[Caption-style text data]
------------------------

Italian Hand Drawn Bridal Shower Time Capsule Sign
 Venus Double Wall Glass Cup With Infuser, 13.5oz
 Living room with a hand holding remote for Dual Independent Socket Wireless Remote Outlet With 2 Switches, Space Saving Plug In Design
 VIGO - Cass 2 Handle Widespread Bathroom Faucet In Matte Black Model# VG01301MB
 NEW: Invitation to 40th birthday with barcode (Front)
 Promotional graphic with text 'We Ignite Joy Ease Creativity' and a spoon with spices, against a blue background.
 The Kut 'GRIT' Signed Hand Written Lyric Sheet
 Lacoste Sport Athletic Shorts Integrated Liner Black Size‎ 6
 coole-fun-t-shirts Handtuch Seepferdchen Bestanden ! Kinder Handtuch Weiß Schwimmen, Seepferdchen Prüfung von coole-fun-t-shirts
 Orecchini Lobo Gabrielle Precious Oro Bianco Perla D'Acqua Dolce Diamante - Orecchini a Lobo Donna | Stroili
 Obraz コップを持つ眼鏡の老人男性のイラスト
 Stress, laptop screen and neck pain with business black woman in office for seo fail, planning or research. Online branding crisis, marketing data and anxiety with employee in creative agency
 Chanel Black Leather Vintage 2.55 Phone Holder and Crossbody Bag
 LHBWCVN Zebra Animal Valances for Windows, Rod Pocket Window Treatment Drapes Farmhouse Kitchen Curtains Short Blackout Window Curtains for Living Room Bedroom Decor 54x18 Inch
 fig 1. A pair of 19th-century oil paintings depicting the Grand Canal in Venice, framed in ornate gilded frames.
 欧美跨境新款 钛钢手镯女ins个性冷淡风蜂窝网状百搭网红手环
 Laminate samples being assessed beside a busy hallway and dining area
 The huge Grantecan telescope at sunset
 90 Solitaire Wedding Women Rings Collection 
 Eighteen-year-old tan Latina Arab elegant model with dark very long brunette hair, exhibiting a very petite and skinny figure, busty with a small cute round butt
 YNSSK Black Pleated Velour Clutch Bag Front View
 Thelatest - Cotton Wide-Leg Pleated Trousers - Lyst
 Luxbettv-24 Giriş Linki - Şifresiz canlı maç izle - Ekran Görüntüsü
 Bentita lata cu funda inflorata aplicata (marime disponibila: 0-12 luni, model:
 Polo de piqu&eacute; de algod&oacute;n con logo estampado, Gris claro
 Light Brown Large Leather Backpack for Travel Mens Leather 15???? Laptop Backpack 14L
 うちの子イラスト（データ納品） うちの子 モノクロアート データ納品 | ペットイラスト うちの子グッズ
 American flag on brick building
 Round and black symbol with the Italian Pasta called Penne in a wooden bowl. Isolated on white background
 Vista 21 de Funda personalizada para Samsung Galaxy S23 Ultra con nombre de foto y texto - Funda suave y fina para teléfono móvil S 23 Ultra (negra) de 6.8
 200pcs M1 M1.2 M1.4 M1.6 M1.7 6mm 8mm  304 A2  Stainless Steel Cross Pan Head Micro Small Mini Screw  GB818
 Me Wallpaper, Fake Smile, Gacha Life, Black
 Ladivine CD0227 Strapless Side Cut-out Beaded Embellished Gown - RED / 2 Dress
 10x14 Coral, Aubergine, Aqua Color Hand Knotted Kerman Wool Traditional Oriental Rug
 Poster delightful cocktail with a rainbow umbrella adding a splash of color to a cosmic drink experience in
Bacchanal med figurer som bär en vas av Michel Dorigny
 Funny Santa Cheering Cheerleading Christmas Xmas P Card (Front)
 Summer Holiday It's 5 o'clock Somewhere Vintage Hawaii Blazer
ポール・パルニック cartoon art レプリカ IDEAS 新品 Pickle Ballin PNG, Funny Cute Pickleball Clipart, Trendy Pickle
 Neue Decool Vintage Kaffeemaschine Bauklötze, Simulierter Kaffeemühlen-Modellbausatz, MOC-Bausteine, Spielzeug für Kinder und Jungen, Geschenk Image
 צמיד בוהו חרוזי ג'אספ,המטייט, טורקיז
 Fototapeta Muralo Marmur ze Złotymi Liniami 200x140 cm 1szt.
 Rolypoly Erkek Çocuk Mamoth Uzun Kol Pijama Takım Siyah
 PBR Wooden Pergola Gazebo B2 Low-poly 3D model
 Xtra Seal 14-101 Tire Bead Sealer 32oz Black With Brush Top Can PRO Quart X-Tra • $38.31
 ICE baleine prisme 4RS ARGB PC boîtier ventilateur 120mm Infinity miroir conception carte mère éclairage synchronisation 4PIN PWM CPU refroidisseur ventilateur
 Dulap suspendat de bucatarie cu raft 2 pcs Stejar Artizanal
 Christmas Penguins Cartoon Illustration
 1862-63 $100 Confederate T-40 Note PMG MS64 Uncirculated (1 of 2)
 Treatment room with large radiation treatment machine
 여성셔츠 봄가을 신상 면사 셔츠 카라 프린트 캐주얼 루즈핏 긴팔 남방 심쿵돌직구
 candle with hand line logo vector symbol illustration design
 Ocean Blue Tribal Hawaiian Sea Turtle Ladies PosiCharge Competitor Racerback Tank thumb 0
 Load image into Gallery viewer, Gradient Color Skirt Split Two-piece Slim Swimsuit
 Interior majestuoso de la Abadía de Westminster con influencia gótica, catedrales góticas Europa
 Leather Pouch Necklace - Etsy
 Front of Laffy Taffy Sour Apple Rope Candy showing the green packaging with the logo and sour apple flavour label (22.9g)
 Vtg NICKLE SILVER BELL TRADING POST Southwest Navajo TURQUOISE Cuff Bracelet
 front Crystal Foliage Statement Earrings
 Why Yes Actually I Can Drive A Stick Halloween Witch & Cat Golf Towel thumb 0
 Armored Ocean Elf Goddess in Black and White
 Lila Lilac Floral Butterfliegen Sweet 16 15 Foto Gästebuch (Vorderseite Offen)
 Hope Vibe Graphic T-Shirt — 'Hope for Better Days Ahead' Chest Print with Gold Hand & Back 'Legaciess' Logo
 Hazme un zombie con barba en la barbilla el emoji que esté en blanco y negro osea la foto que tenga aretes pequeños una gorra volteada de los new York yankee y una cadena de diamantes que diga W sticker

------------------------

Could you set down, word for word, only the lines above from the line with "צמיד בוהו חרוזי ג'אספ,המטייט, טורקיז" to the line with "Armored Ocean Elf Goddess in Black and White", including both?

> _REPLY_
 צמיד בוהו חרוזי ג'אספ,המטייט, טורקיז
 Fototapeta Muralo Marmur ze Złotymi Liniami 200x140 cm 1szt.
 Rolypoly Erkek Çocuk Mamoth Uzun Kol Pijama Takım Siyah
 PBR Wooden Pergola Gazebo B2 Low-poly 3D model
 Xtra Seal 14-101 Tire Bead Sealer 32oz Black With Brush Top Can PRO Quart X-Tra • $38.31
 ICE baleine prisme 4RS ARGB PC boîtier ventilateur 120mm Infinity miroir conception carte mère éclairage synchronisation 4PIN PWM CPU refroidisseur ventilateur
 Dulap suspendat de bucatarie cu raft 2 pcs Stejar Artizanal
 Christmas Penguins Cartoon Illustration
 1862-63 $100 Confederate T-40 Note PMG MS64 Uncirculated (1 of 2)
 Treatment room with large radiation treatment machine
 여성셔츠 봄가을 신상 면사 셔츠 카라 프린트 캐주얼 루즈핏 긴팔 남방 심쿵돌직구
 candle with hand line logo vector symbol illustration design
 Ocean Blue Tribal Hawaiian Sea Turtle Ladies PosiCharge Competitor Racerback Tank thumb 0
 Load image into Gallery viewer, Gradient Color Skirt Split Two-piece Slim Swimsuit
 Interior majestuoso de la Abadía de Westminster con influencia gótica, catedrales góticas Europa
 Leather Pouch Necklace - Etsy
 Front of Laffy Taffy Sour Apple Rope Candy showing the green packaging with the logo and sour apple flavour label (22.9g)
 Vtg NICKLE SILVER BELL TRADING POST Southwest Navajo TURQUOISE Cuff Bracelet
 front Crystal Foliage Statement Earrings
 Why Yes Actually I Can Drive A Stick Halloween Witch & Cat Golf Towel thumb 0
 Armored Ocean Elf Goddess in Black and White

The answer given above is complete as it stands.